Main

When the first steps were made towards understanding the principles that govern biological systems, scientists made simplistic assumptions about biological concepts to reduce the complexity of their hypotheses and draw interpretable conclusions. In the past few years, the transition from single-isolate genomics to comparative genomics of entire microbial populations has introduced new parameters that question or even threaten to reject those initial assumptions. For example, the current recognition of increased microbial genome fluidity indicates that the fundamental definition of a biological species1 fails in some cases to provide a realistic description of the dynamic relationships that shape microbial evolution. These findings do not support the strictly bifurcating tree of life as a means of phylogenetic analysis and instead favour the more realistic model of a phylogenetic network2, which better represents the true relationships among species that are characterized by high rates of DNA exchange3,4,5,6.

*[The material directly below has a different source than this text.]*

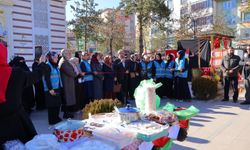 Bayburt'un farklı noktalarında Filistin yararına hayır çarşıları kuruldu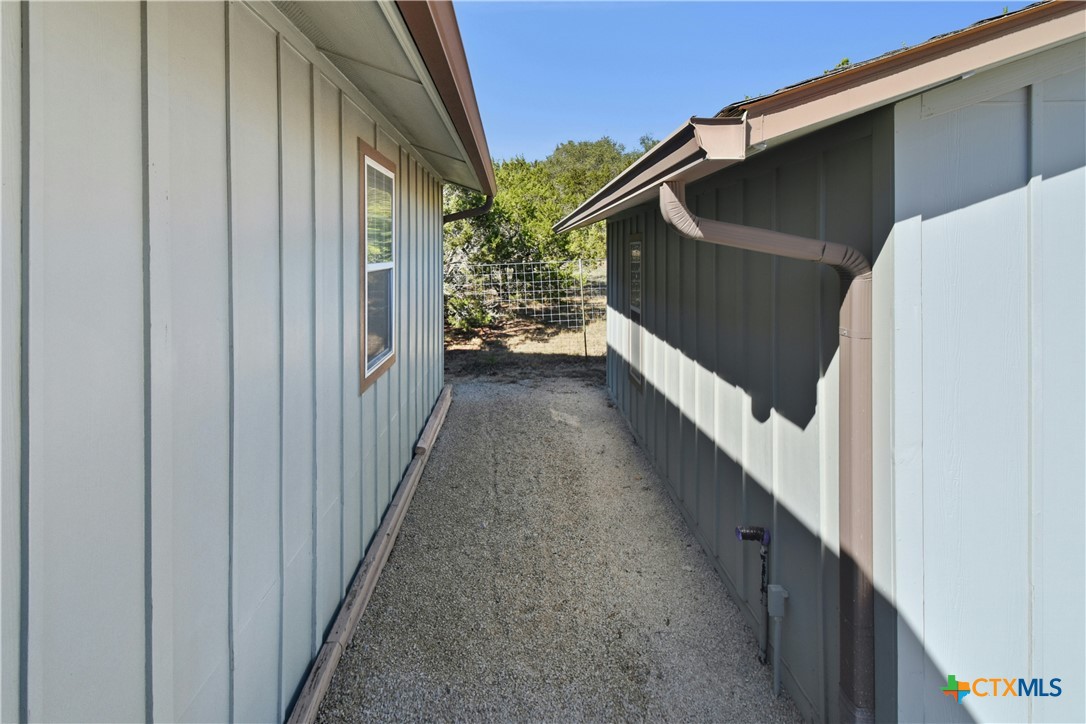 111 Janine Property Photo 21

The first data to support this model came from the genomic analysis of the obligate intracellular bacterium Wolbachia pipientis. Klasson et al.7 compared 450 genes shared by three W. pipientis strains (W. pipientis wRi, W. pipientis wMel and W. pipientis wUni) that infect Drosophila simulans, Drosophila melanogaster and Muscidifurax uniraptor, respectively. Approximately 30% of core genes indicated that W. pipientis wMel and W. pipientis wRi are sister lineages, a different 30% supported the W. pipientis wMel and W. pipientis wUni sister phylogeny and 20% showed that W. pipientis wRi and W. pipientis wUni are the more closely related pair. The authors concluded that the high rates of intra-species recombination in W. pipientis do not allow a one-to-one relationship between gene history, genome history and strain phenotype. This suggests that W. pipientis is a mixture of subpopulations, and strains in the same subpopulation recombine more frequently which each other than with strains outside of it.

In the second example, Didelot et al.8 compared the genomes of eight serovars of Salmonella enterica to identify blocks of high or low similarity. Their data showed that in all but one pairwise comparison the distribution of sequence divergence is unimodal. However, in the case of S. enterica subsp. enterica serovar Paratyphi A and S. enterica subsp. enterica serovar Typhi, the distribution showed two peaks corresponding to regions of high (1.2%) and low (0.18%) sequence divergence. Overall, in 75% of their DNA sequences the two serovars appeared to be distantly related isolates of S. enterica and in 25% they resemble sister lineages. The authors suggest that this apparent relatedness is the result of more than 100 recombination events that took place over a recent, restricted time span.

A similar pattern of genome mosaicism is seen in Pseudomonas fluorescens. Silby et al.9 sequenced the genomes of two P. fluorescens strains (SBW25 and Pf0-1) and compared them with that of P. fluorescens Pf-5. The comparison yielded a shared core set of 3,600 protein-coding genes, which corresponds to only 60% of genes in each of the three genomes. By contrast, a similar analysis of five isolates of Pseudomonas aeruginosa gave a core set of almost 5,000 genes, with only 1–8% of protein-coding genes being strain specific. Despite this diversity, a comparison of the three P. fluorescens strains and P. aeruginosa PA01 showed that almost 24% and 35% of the genes place P. fluorescens SBW25 closest to P. fluorescens Pf-5 and P. fluorescens Pf0-1, respectively, and 37% put P. fluorescens Pf0-1 in the same node as P. fluorescens Pf-5, suggesting that there has been extensive genetic recombination between these strains despite their extreme diversity.

These three examples show that, in the case of highly mosaic genomes, traditional models for analyzing the history of microorganisms are not applicable. Methodologies that tailor the model to the data, rather than the data to the model, offer a more realistic approximation of microbial diversity and complexity.